Morceau de The Stranglers (1999)

La vie de merde, vue par... 4 - The Stranglers (Disorder in the UK)

No more heroes est un morceau célèbre et que je trouve superbe, mais, à mon avis, pas une chanson-Logos. En fait, ce que j’en pense, c’est qu’elle délivre un message full of shit (en gros, « bidon », « pas crédible », « non fiable ») et donc ajoutant à la merde dans la maison Vie De Merde. Mais c’est justement à ce titre que je l’identifie comme marquante et importante.


Un manifeste dont toutes les pages sont blanches, c’est beau comme un samizdat. Tout le monde peut y écrire ce qu’il pense, et les idées circulent à la vitesse de la lumière, encore mieux que celles des dominants. Mais quelles idées, et est-ce que tout le monde interprétait le punk dans le même sens, et l’exprimait de la même manière ? Comme l’ont fait les dominants avec leur néo-libéralisme ?


Le thème du chaos a rarement été traité de front : seuls Joy Division et plus tard les Smiths puis Bérurier Noir l’ont fait (et parmi eux, seuls Joy Division en ont fait leur thème central). On sentait bien que l’anarchie, c’était pas ça, et on sentait bien aussi que l’anarchie punk, c’était un peu ça quand même. Malaise. Mais, avec l’intitulé de leur album testamentaire, The Great Rock’n’roll Swindle (« La grande arnaque du rock’n’roll »), les Sex Pistols avaient levé un gros lièvre, et donné à leurs frangin-e-s punks un sacré os à ronger tous-ensembleu, tous-ensembleu, ouais ! ouais !


Alors le thème du chaos fut abordé par déplacement, dans le thème-symptôme de la fin des héros.
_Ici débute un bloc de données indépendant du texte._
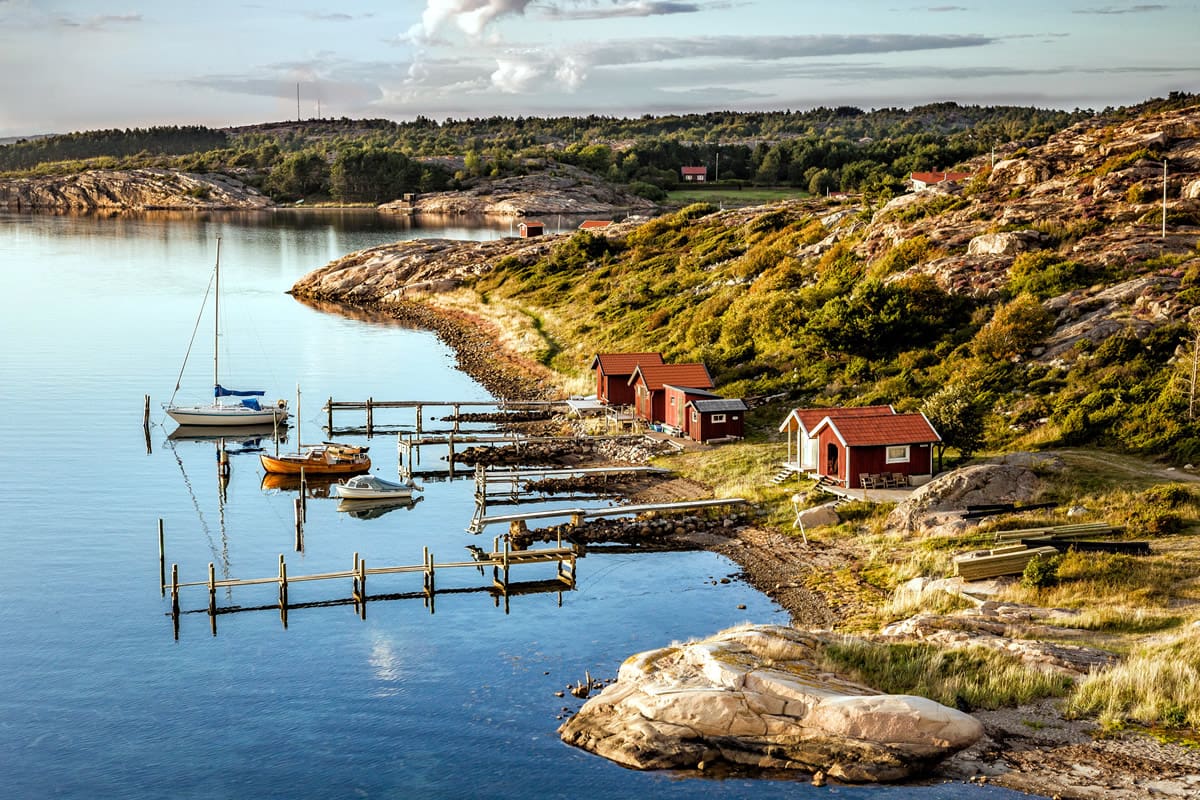 Kämpersvik, harbour town on Sweden's west coast - imagebank.sweden.se/Per Pixel Petersson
Ce thème-là a été largement et durablement traité : les Damned l’ont fait avec Fan Club dans leur emblématique Damned Damned Damned, Joy Division l’ont invité un peu partout (aussi) dans leur emblématique Unknown Pleasures, Patrik Fitzgerald y a consacré au moins cinq ou six chansons sur la durée, et les Stranglers et Stiff Little Fingers ont appelé des albums entiers No more Heroes et Nobody’s Heroes, emblématiques eux aussi. Des années, des décennies après, des groupes continuaient à s’appeler Teenage Fan Club, Pop Will Eat Itself, The Dead 60s, et NOFX, dont le Kill Rock Stars n’est qu’une histoire d’embrouille classique entre féministe hardcore et gauchiste hardcore, n’en ont pas moins repris le titrepour baptiser leur propre label.
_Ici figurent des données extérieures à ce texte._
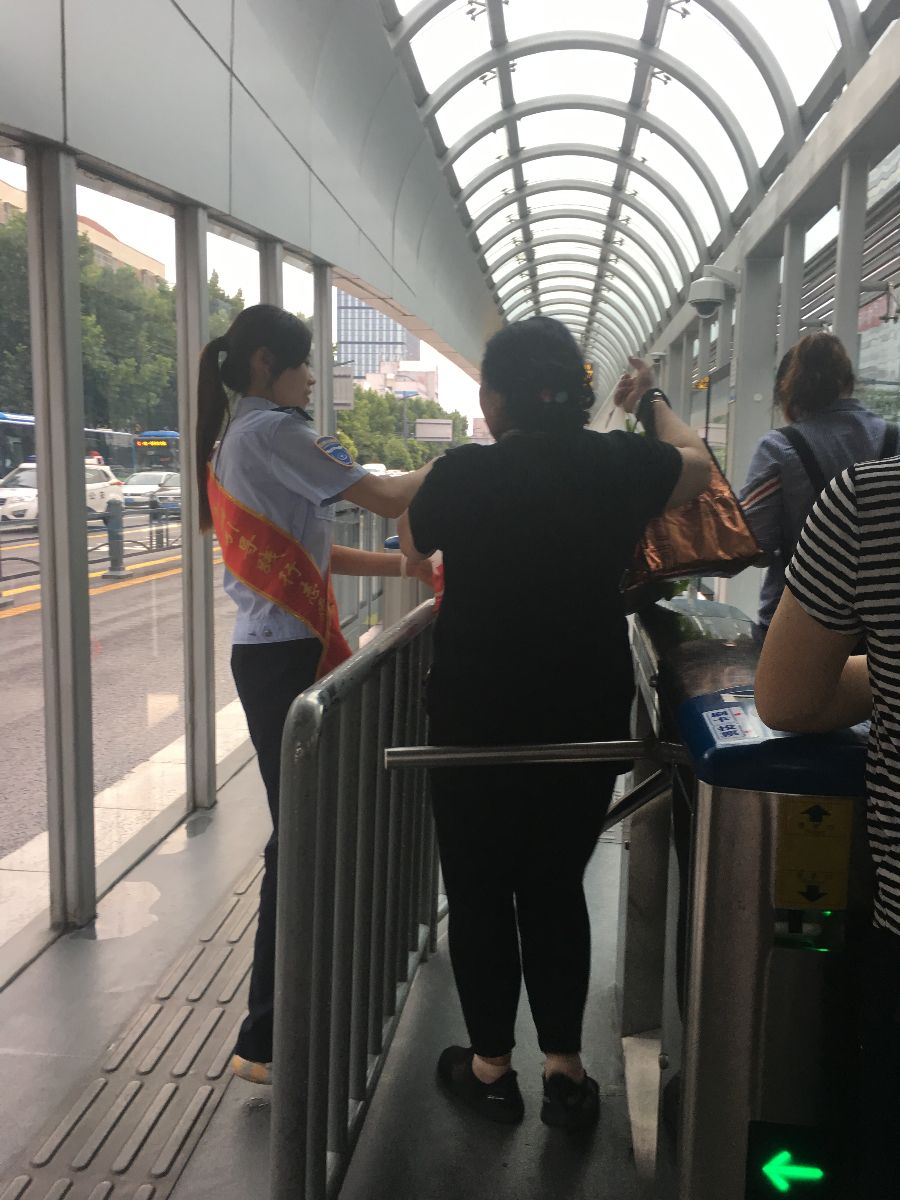 公交佳连公司深入一线践行志愿服务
Thème abondamment abordé, donc, mais jamais de la même manière (même d’un titre à l’autre chez le même artiste). Consciemment, parce que penser par soi-même, c’est une invention punk, et ça, les punks en sont très fiers. Inconsciemment, parce que cette fixation collective en mille morceaux exprime un noeud de conflits profonds et non résolus à ce jour sur la façon dont il convient de prendre le pouvoir dans la maison Vie De Merde, et ça, les punks en sont moins fiers.
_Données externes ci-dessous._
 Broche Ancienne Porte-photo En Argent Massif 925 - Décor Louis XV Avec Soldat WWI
J’aimerais pouvoir nier que, de tous, c’est le No more heroes des Stranglers qui a réussi à s’imposer durablement dans les mémoires alors que, de tous les messages, c’est celui dont le niveau de conscience était de loin le plus bas. Mais tel est bien le cas. Pour une raison toute bête : les Stranglers étaient un grand groupe, au sens artistique du terme tel qu’on le comprend habituellement. C’étaient des musiciens surdoués, et qui jouaient avec une grande musicalité à une époque où c’était le dernier souci de tous les autres. Ils furent encensés (à juste titre) pour cette raison, et cela suffit à transmettre avec succès les insanités qu’ils proféraient sur leurs somptueuses compositions. Il vaut mieux y réfléchir à deux fois avant d’admirer un artiste : vous bouffez son système de pensée tandis que vous vous régalez de son talent.


Comme Sid Vicious (qui lui, du moins, ne savait pas jouer), les Stranglers furent des intégristes de la provoc, qui investirent gaiement le créneau humour douteux et image de machos réacs bas du front. Ce qui est quand même plus style qu’avouer qu’on n’est pas clair dans sa tête, et qu’on ne dit rien avec l’air de dire quelque chose.


Et comme Sid Vicious, ils furent vite dépassés par les conséquences de leur choix. L’emmerdant avec les masques, c’est qu’ils sont faciles à mettre mais pas à enlever.


Les intégristes de la provoc sont au fond des esthètes. Mais de lard. Cette défense immunitaire, qui devait s’avérer promise à un grand avenir dans le long no future qui suivit, fut valorisée sous le nom d’« attitude », et même parfois de « bonne attitude », pour peu qu’on trouve la sienne plus branchée que celle de son plouc de voisin.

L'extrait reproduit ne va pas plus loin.